A Python library for scraping YouTube video, channel, search, and shorts data
Project description
NGTube - YouTube Scraper
A comprehensive Python library for scraping YouTube data, including videos, comments, and channel profiles.
⚠️ Disclaimer
This library is provided for educational and research purposes only. Scraping YouTube data may violate YouTube's Terms of Service. Use at your own risk. The authors are not responsible for any misuse or legal consequences. Always respect robots.txt and implement appropriate rate limiting.
Features
- Video Extraction: Extract detailed metadata from YouTube videos (title, views, likes, duration, tags, description, etc.)
- Comment Extraction: Extract comments from videos, including loading additional comments via YouTube's internal API
- Channel Extraction: Extract complete channel profile data (subscribers, description, featured video, video list with continuation support)

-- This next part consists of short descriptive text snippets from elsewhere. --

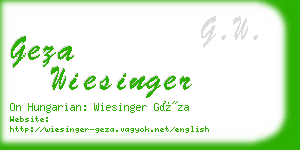 geza wiesinger business card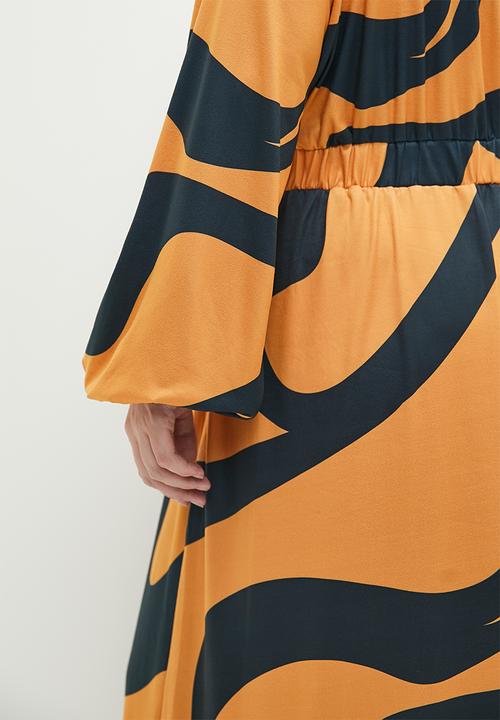 edit - Plus drape neck fit & flare midi dress - choc tobacco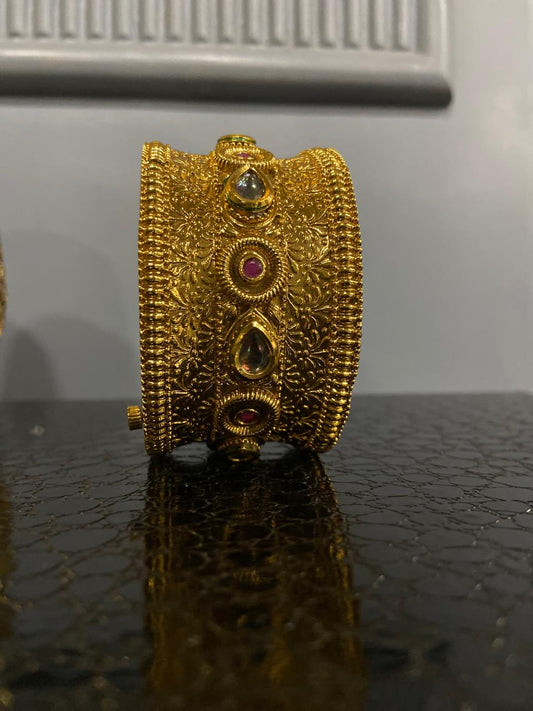 Nawab's Ruby-Emerald Kundan Kada Openable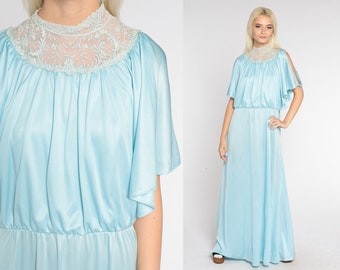 Grecian Maxi Dress 70s Blue Party Dress Floral Embroidered Lace High Neck Chic High Waist Cocktail Drape Gown Formal Vintage 1970s Large L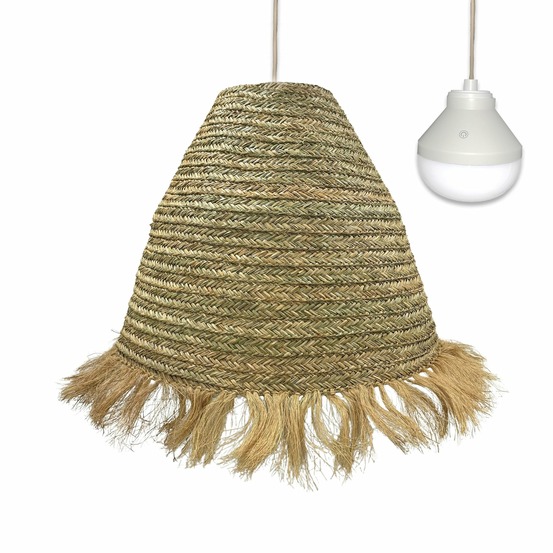 Suspension nomade big anafi beige jonc de mer d100 cm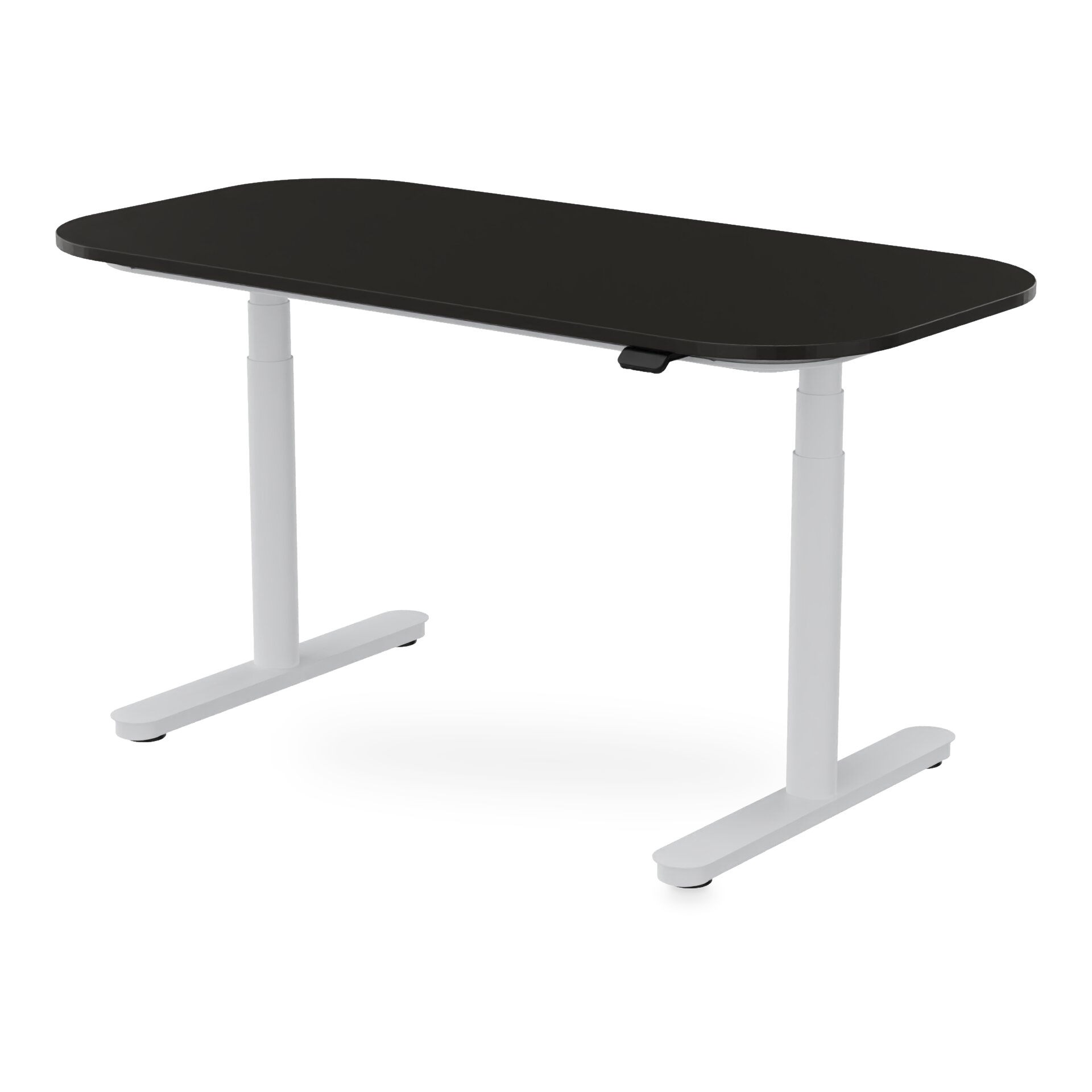 Ein moderner, höhenverstellbarer Stehschreibtisch mit einer glatten, rechteckigen schwarzen Tischplatte mit abgerundeten Ecken, getragen von einem stabilen weißen Metallrahmen mit zwei Teleskopsäulen und flachen, stabilen Füßen, isoliert vor einem sc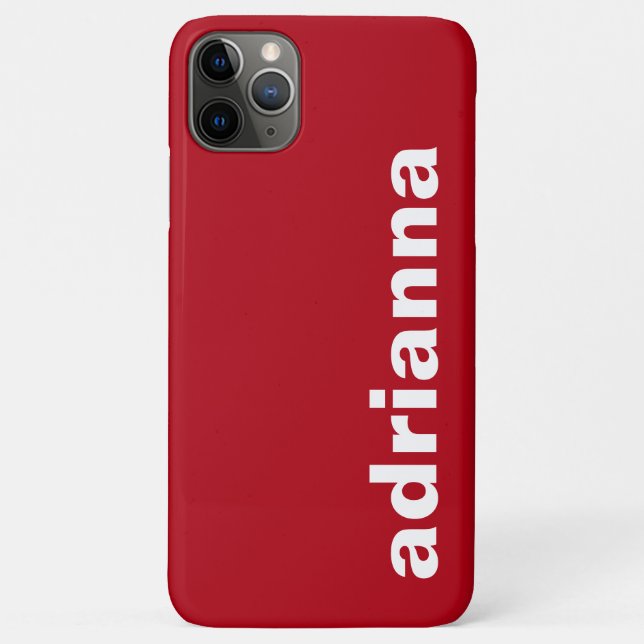 Capa Para iPhone 11 Pro Max Monograma Moderno Vermelho (Verso)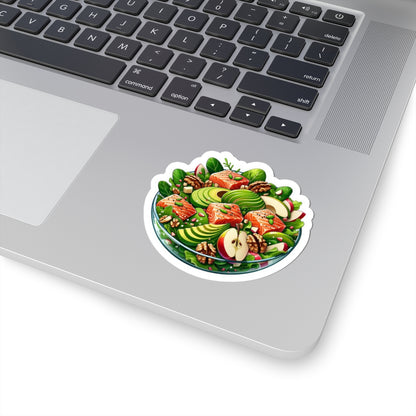 Salmon Avocado Salad Sticker — Kiss-Cut Healthy Food Decal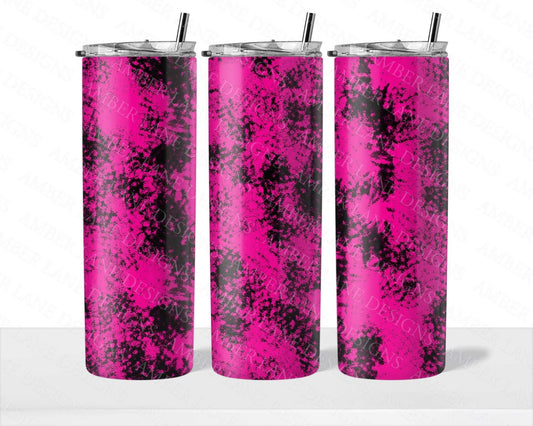 Pink and Black Grunge 20oz SKINNY TUMBLER straight wrap 1 jpeg file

- Shorts Extraction: Fetch random shorts from YouTube's homepage with metadata and comments, and load unlimited shorts from the Shorts feed
- Search Functionality: Search YouTube with various filters (videos, channels, playlists, etc.) and country localization
- Country Localization: Support for different countries/regions (US, DE, UK, FR, etc.) for all API requests
- Flexible Video Loading: Load specific number of videos or all available videos from a channel
- Clean Data Output: Structured JSON-compatible data output
- Modular Design: Separate classes for different extraction tasks
Installation
🚀 Quick Install (Recommended)
pip install NGTube
That's it! NGTube is now available on PyPI and ready to use.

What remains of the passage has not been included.